I’ve followed the video and set up occlusion culling view areas, set all the rooms to static, etc.

I’ve generated the occlusion and switched to occlusion display.

And - nothing. See screenshots below. Given that this is a very simple scene, you would assume that the far areas would disappear from view. But they don’t. In fact, occlusion doesn’t hide a single game object.

What am I doing wrong? I must be missing something.

Edit: Though you can’t see them due to backface culling, the scene is entirely enclosed, i.e. there are ceilings and walls around every corridor.

242300--8688--$bildschirmfoto_2009_12_25_um_131119_697.png
242300--8689--$bildschirmfoto_2009_12_25_um_130955_104.png

those rooms etc are distinct objects right? because occlusion culling happens on models, not on triangles.

Yes, they are all part of one .jas (Cheetah 3D) file, but individual meshes. See screenshot of the model hierarchy attached.

Funny thing is: If I do at least Preview Build (instead of just preview), I can get the columns and the wall torches to disappear. But not the rooms themselves.

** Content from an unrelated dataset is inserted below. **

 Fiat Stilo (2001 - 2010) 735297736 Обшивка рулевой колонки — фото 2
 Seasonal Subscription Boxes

I’m wondering if this is because the rooms have no outside-facing polygons or something?

242305--8690--$bildschirmfoto_2009_12_25_um_140713_186.png

I haven’t gotten into anything about occlusion culling so I won’t have anything but a guess.

Are those green boxes defining regions of geometry, then the camera can omit any geometry inside a green box?

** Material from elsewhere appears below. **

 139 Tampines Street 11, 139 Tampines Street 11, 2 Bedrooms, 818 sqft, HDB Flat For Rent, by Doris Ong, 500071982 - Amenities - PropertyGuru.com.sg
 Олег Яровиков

If that is the case then perhaps you have to make the green boxes larger to encompass the room. If the green box is perfectly on the edge of the room then the room may not be considered to be inside of the green box (floating point), and wouldn’t be occluded.

Nope, tried that and it changes nothing. Also, the docs and video say the view areas have to cover the regions the camera can move into, not the geometry. I also have a demo from another thread that clearly shows that objects not in any view area are correctly occluded.

Well, at least one possible problem ruled out.

More experiments. I (at this time) believe that Unity does not consider the outside walls of the room you are currently in as blocking the view.

Look at the attached screen shot. The large block to the left does correctly occlude the view towards the room on the far left (if I remove the block, the room is not culled!).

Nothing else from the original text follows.